• _Aim of the task_: Do not include the pictures; repeat the rest of the data exactly.

• _Supplied information_:
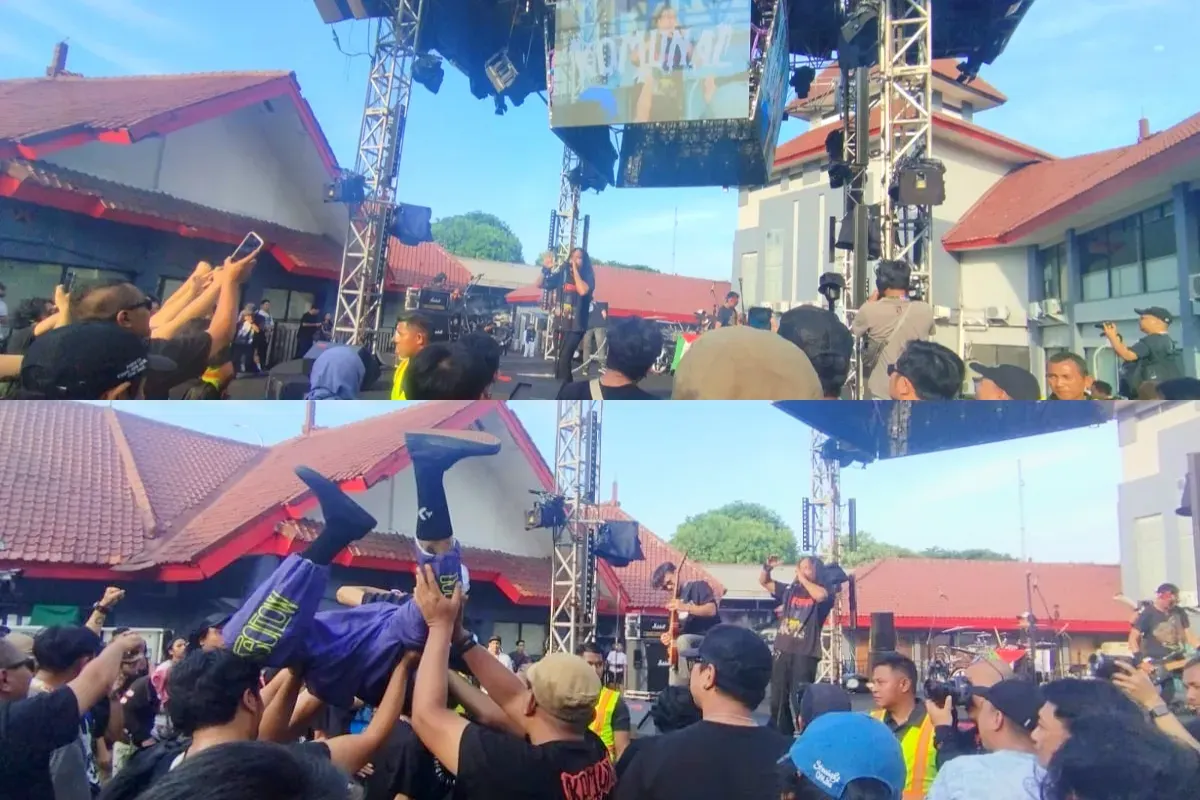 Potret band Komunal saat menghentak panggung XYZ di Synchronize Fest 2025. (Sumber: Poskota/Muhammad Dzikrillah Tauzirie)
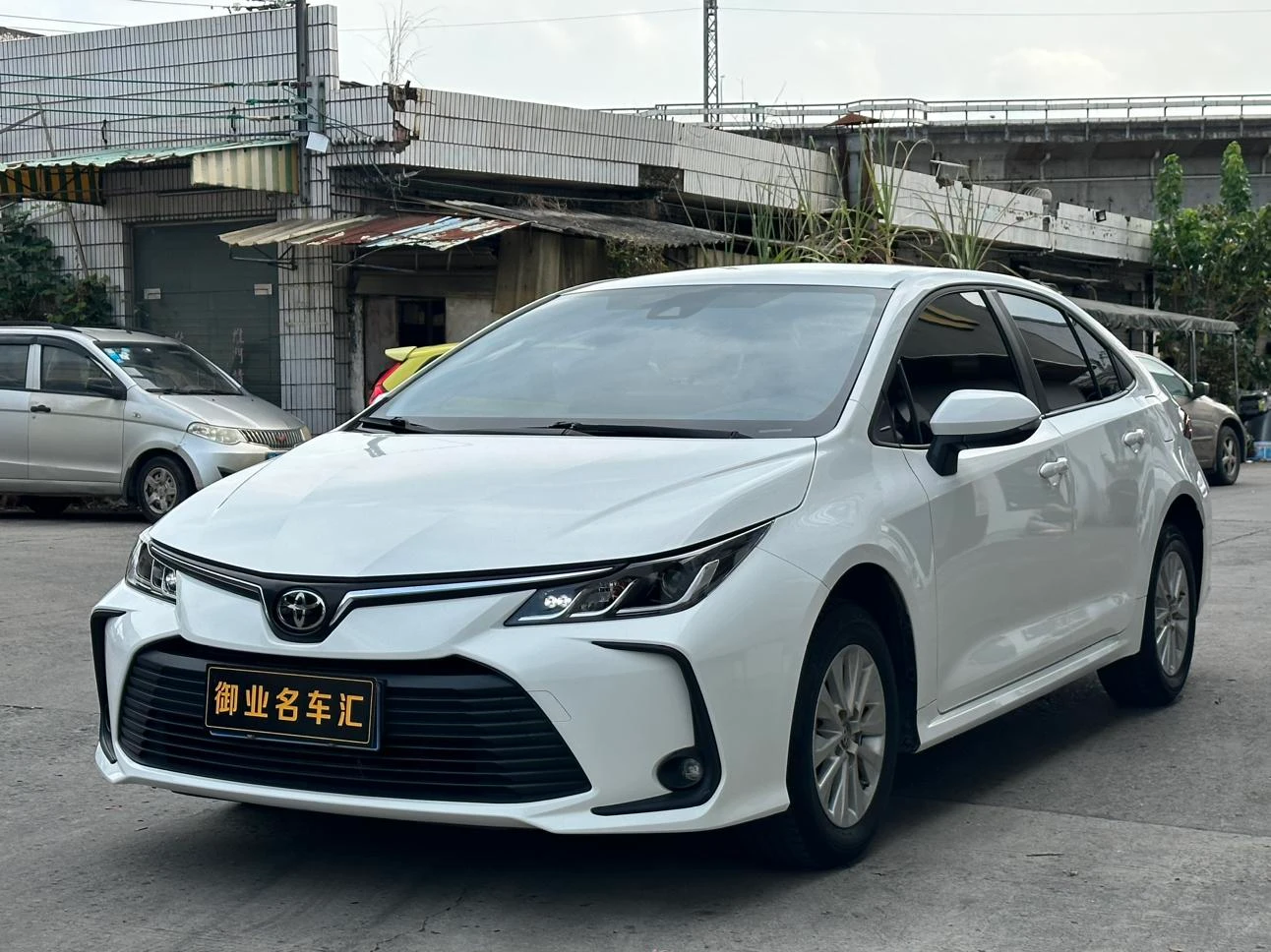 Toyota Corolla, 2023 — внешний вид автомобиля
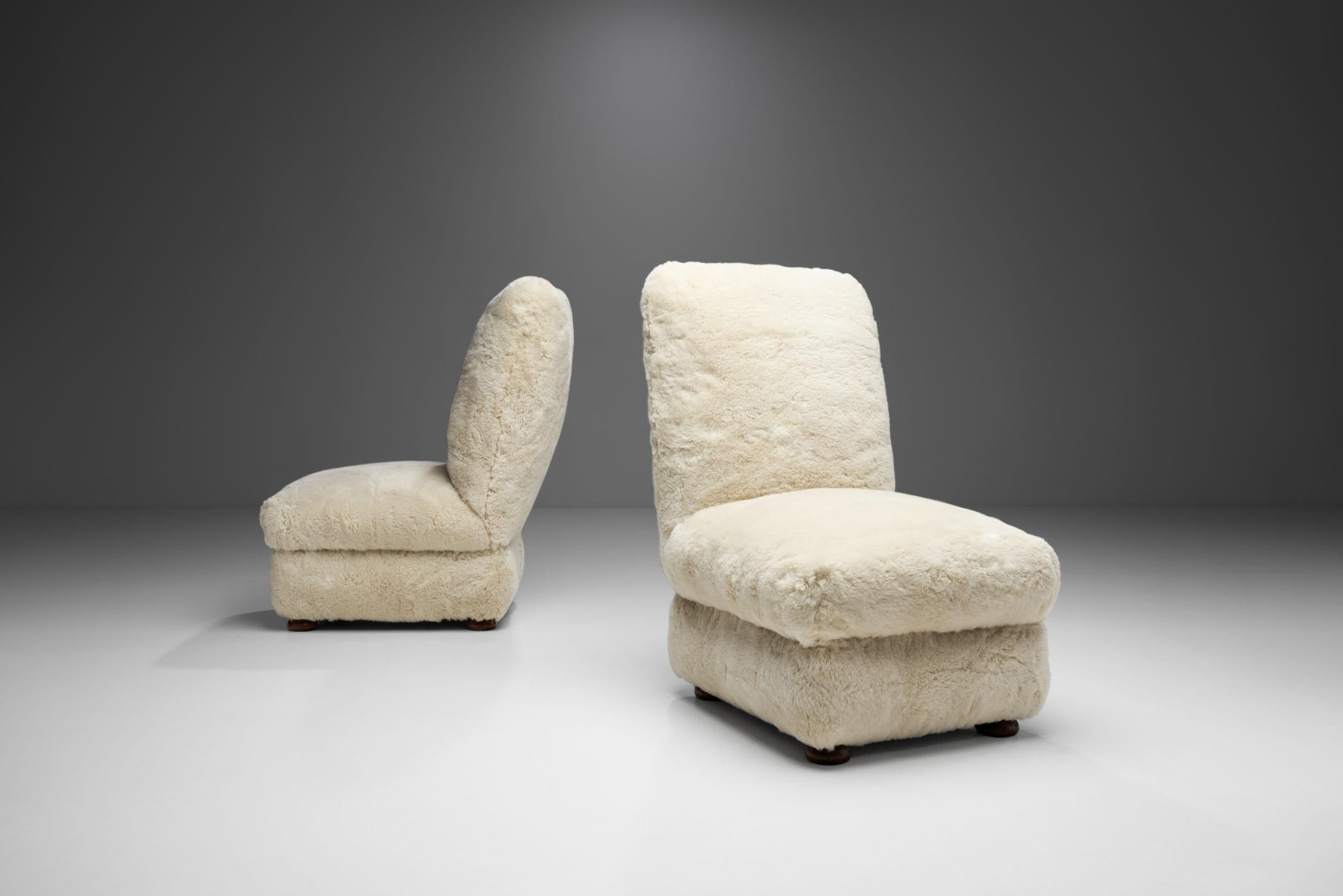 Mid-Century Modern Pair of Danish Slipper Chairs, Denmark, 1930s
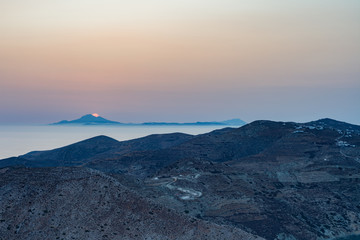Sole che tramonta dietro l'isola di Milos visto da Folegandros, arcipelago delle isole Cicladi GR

• _Exercise result_:
 Potret band Komunal saat menghentak panggung XYZ di Synchronize Fest 2025. (Sumber: Poskota/Muhammad Dzikrillah Tauzirie)
 Toyota Corolla, 2023 — внешний вид автомобиля
 Mid-Century Modern Pair of Danish Slipper Chairs, Denmark, 1930s
Sole che tramonta dietro l'isola di Milos visto da Folegandros, arcipelago delle isole Cicladi GR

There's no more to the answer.